Materials provided:

************

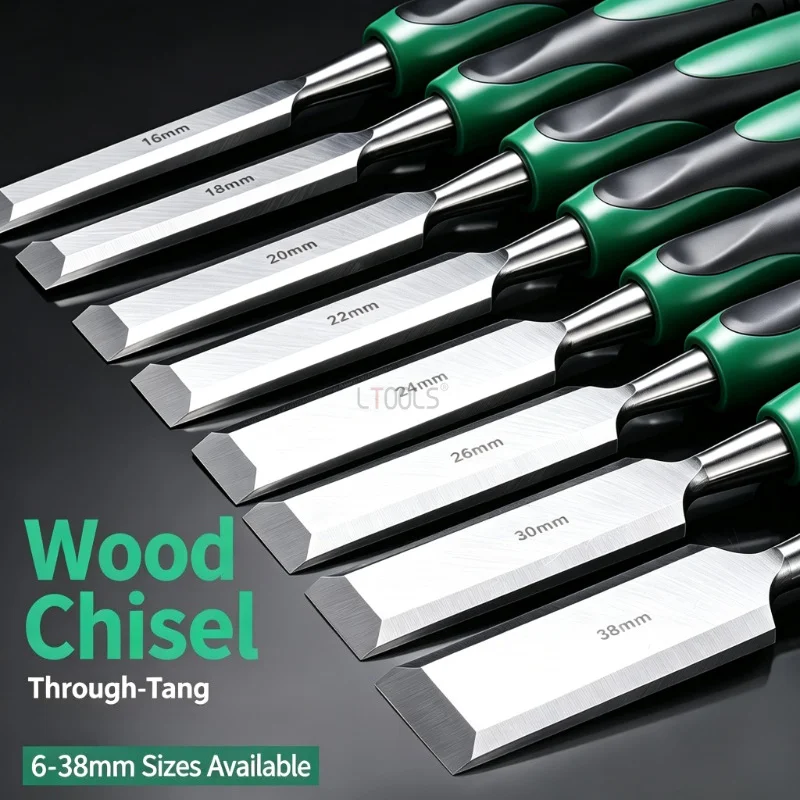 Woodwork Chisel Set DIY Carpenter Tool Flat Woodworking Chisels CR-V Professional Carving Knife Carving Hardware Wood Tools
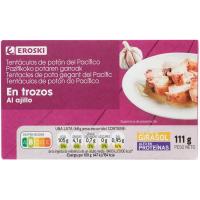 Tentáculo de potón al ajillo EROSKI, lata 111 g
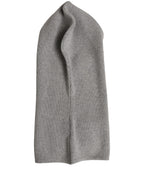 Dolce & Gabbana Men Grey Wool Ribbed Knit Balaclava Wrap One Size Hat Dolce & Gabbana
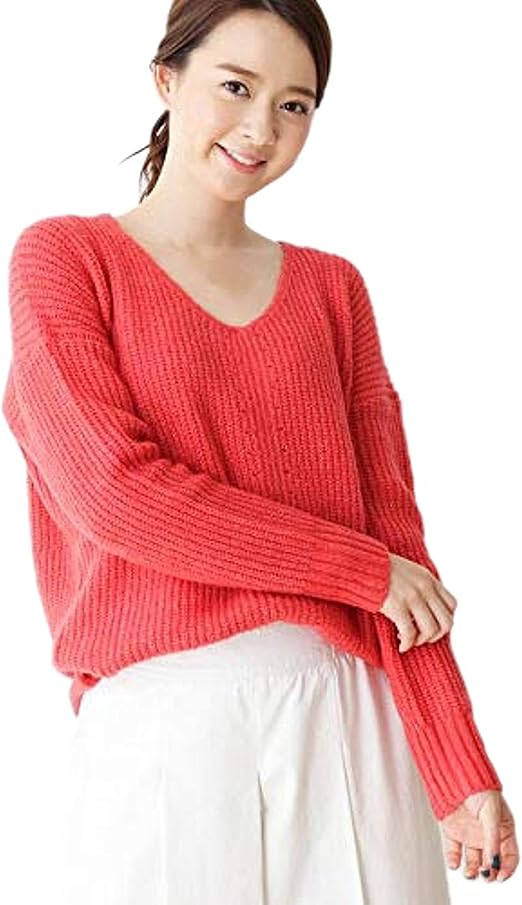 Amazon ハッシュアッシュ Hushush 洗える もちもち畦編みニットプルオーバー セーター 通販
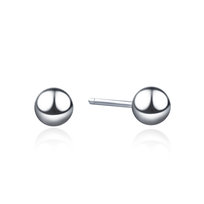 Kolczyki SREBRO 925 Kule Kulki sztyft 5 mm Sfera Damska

************

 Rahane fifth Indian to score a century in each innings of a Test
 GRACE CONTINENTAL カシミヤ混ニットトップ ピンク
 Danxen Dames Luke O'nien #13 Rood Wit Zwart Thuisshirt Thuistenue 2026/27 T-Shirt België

************

Work task:
The answer is those lines of the material above that run from the one containing "Tentáculo de potón" up to and including the one containing "Kolczyki SREBRO 925", restated exactly and without images.

The completed task:
 Tentáculo de potón al ajillo EROSKI, lata 111 g
 Dolce & Gabbana Men Grey Wool Ribbed Knit Balaclava Wrap One Size Hat Dolce & Gabbana
 Amazon ハッシュアッシュ Hushush 洗える もちもち畦編みニットプルオーバー セーター 通販
 Kolczyki SREBRO 925 Kule Kulki sztyft 5 mm Sfera Damska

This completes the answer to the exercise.